Aquella tarde vino Consuelo García, una anciana con quejas habituales del corazón. Dolores conocía bien sus visitas, sabía que vivía sola y su médico era su único consuelo.
—Doctora, vida mía —gimió Consuelo al sentarse—. El corazón me estalla. Temí morir anoche.
—A ver —Dolores apoyó el estetoscopio—. Latidos perfectos. ¿Quizá nervios?
—¡Pero si el dolor es puñaladas! ¿Me pone una inyección? ¿Me ingresa? ¡Tengo miedo en casa!
Fuera se agolpaba la cola del día siguiente, el tiempo se esfumaba y en casa su hijo pequeño ardía en fiebre. Dolores se frotó las sienes exhausta.
—Le he examinado bien. Corazón y presión normales. Tómese tila y descanse. Si empeora, llame a urgencias.
—Pero doctora…
—Lo siento, quedan muchos pacientes.
La anciana se levantó con lentitud, miró con súplica que ya no encontró respuesta. Se alejó cabizbaja.
Dolores olvidó el incidente al hundirse en los cuidados de su hijo enfermo. Pero al día siguiente sonó el teléfono de emergencias.
—¿Dolores Martínez? Consuelo García, su paciente de ayer. Infarto masivo. No llegamos al hospital.
El auricular cayó al suelo. La habitación ondeó como velamen roto. Imposible. Aquel corazón latía con claridad meridiana…
—¿Qué pasa, mamá? —preguntó Rocío, pequeña todavía.
—Nada, cariño —balbuceó Dolores mientras lágrimas surcaban sus mejillas.
En el pueblo los rumores corrieron como regueros de pólvora. La jefa citó a Dolores en su despacho.
—¿Qué sucedió con Consuelo García?
—¡Estaba normal! Solo molestias de su edad…
—Familiares presentaron denuncia en Sanidad. Una sobrina en Sevilla. Abogada. Se abre investigación.
Interrogatorios que duraron meses. Expedientes examinados. Compañeros que primero apoyaron, luego se distanciaron. Murmuraciones en pasillos.
—¿Sabes que a Dolores podrían retirarle la licencia? —comentó la enfermera Carmen—. Dicen que despachó a la anciana.

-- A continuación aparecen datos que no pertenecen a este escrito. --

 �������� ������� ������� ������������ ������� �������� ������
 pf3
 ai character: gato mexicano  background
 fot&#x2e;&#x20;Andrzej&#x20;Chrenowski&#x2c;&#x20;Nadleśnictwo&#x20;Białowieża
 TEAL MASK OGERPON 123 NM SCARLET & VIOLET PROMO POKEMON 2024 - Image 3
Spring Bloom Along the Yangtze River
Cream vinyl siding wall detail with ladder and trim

—¡Imposible! Ella siempre tan atenta.
Los rumores se inflamaban: que si borracha en la consulta, que si groserías. La verdad se perdía entre telarañas de habladurías.
Su marido intentaba sostenerla, mas Dolores dejó de dormir, adelgazó, se volvió irritable. El silencio o el llanto eran su refugio.

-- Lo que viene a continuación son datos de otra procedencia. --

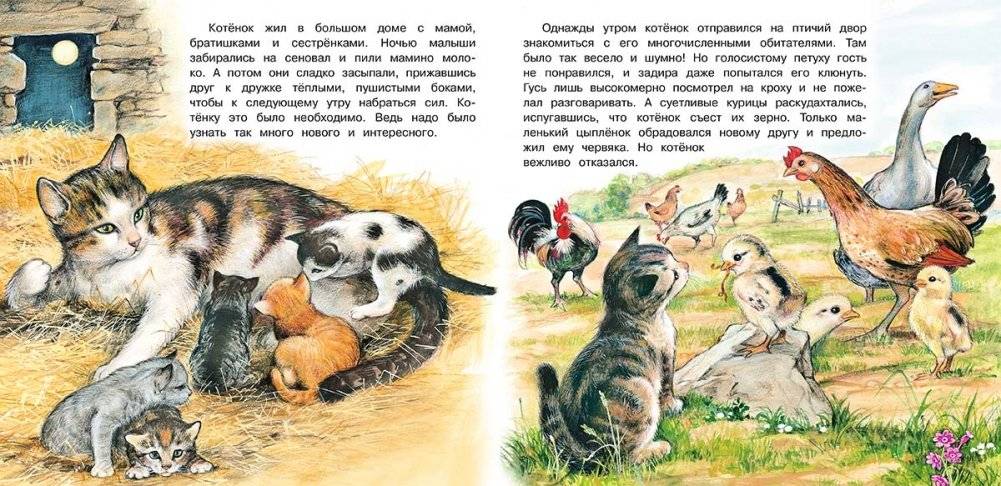 Приключения котенка фото книги 3
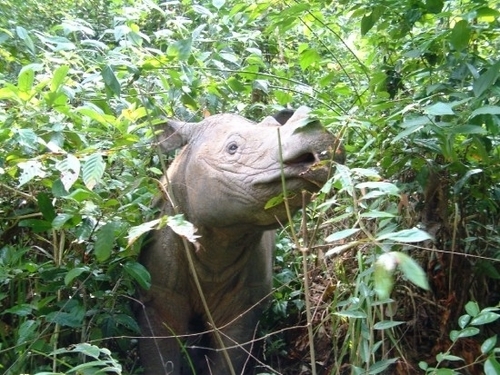  Magnificent Sumatran Rhino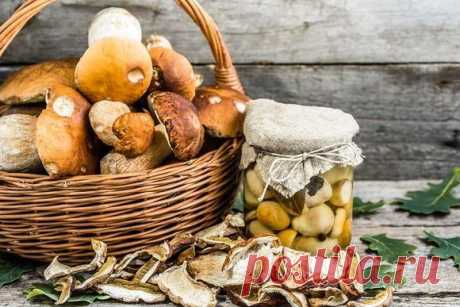 Как хранить заготовки на зиму | Edimdoma.ru Пульс Mail.ru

—Cariño, ¿quizá ir al psicólog@? —sugirió él una noche.
—¡No estoy loca! Simplemente… ¿cómo ocurrió si todo era normal?
—La medicina es inexacta. No tienes culpa del infarto.
—¿Y si la tengo? ¿Si no vi señales? ¿Si debí ingresarla?
Seis meses después, sanidad dictaminó: error médico no apreciado, pero indicó mayor diligencia con ancianos. Absolución oficial, infamia perpetua.
El ambulatorio se volvió insufrible. Miradas que acusaban sin palabras. Pacientes que evitaban su consulta o acudían por morbo.
—Dra. Rodríguez —rogó Dolores— ¿me cambian de sector?
—Ahora no conviene —respondió la jefa—. El tiempo cura.
Mas el tiempo no curaba. Cada anciano paciente le provocaba temblores. Recetaba pruebas innecesarias por miedo. Compañeros ironizaban:
—Nuestra Dolores ahora hospitaliza hasta por un estornudo. Que
Renunció para refugiarse en el laboratorio de esa misma clínica, donde frascos de cristal guardaban silencios mientras Matilde Gómez seguía clavando palabras afiladas en su espalda, hasta que una jubilación anticipada la dejó flotando en el sofá, eternamente suspendida entre la fotografía que reprochaba y la lluvia que nunca limpió nada.